[Activity]
A word-for-word reproduction of the data below is needed, with no pictures in it.

[Opening Collected data section]

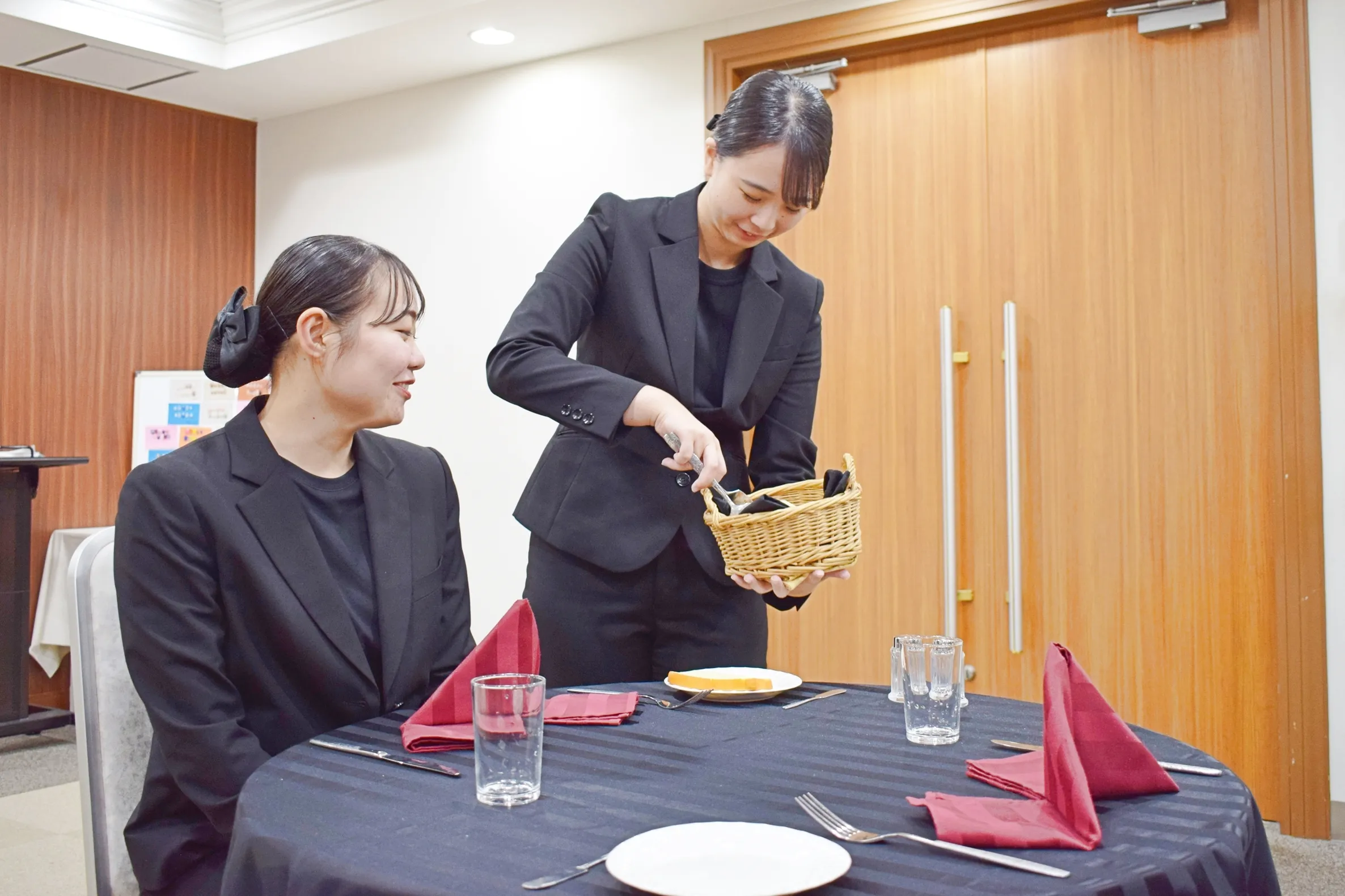 「プロの証」を手に、夢に一歩近づく。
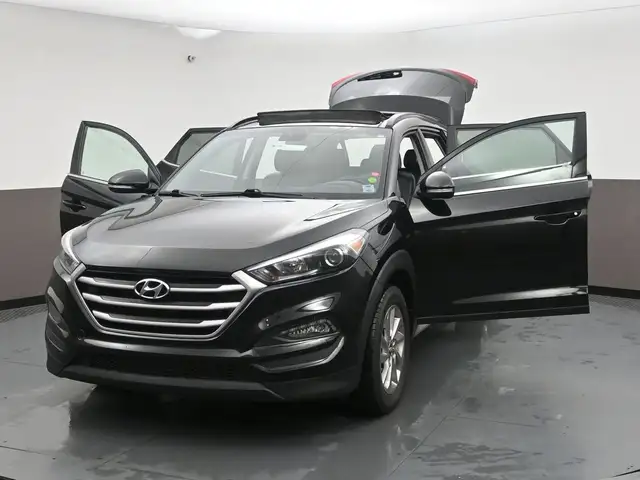 2017 Hyundai Tucson PREFERRED AWD - Photo 48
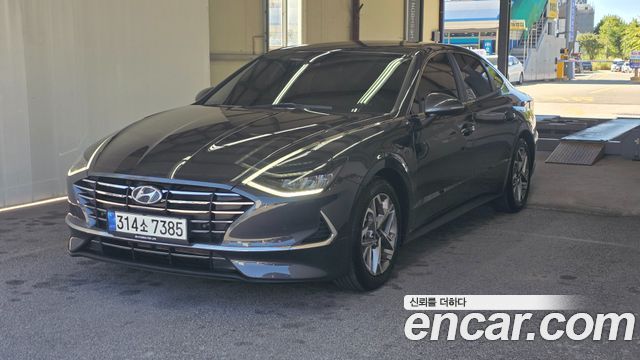 Hyundai Sonata 2.0 Premium Family — пробег 60 501 км — фото 4 из 5
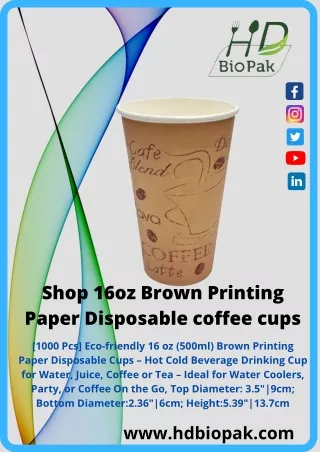 Butcher Paper for Tumblers –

[Closing Collected data section]

[Reply to the task]
 「プロの証」を手に、夢に一歩近づく。
 2017 Hyundai Tucson PREFERRED AWD - Photo 48
 Hyundai Sonata 2.0 Premium Family — пробег 60 501 км — фото 4 из 5
 Butcher Paper for Tumblers –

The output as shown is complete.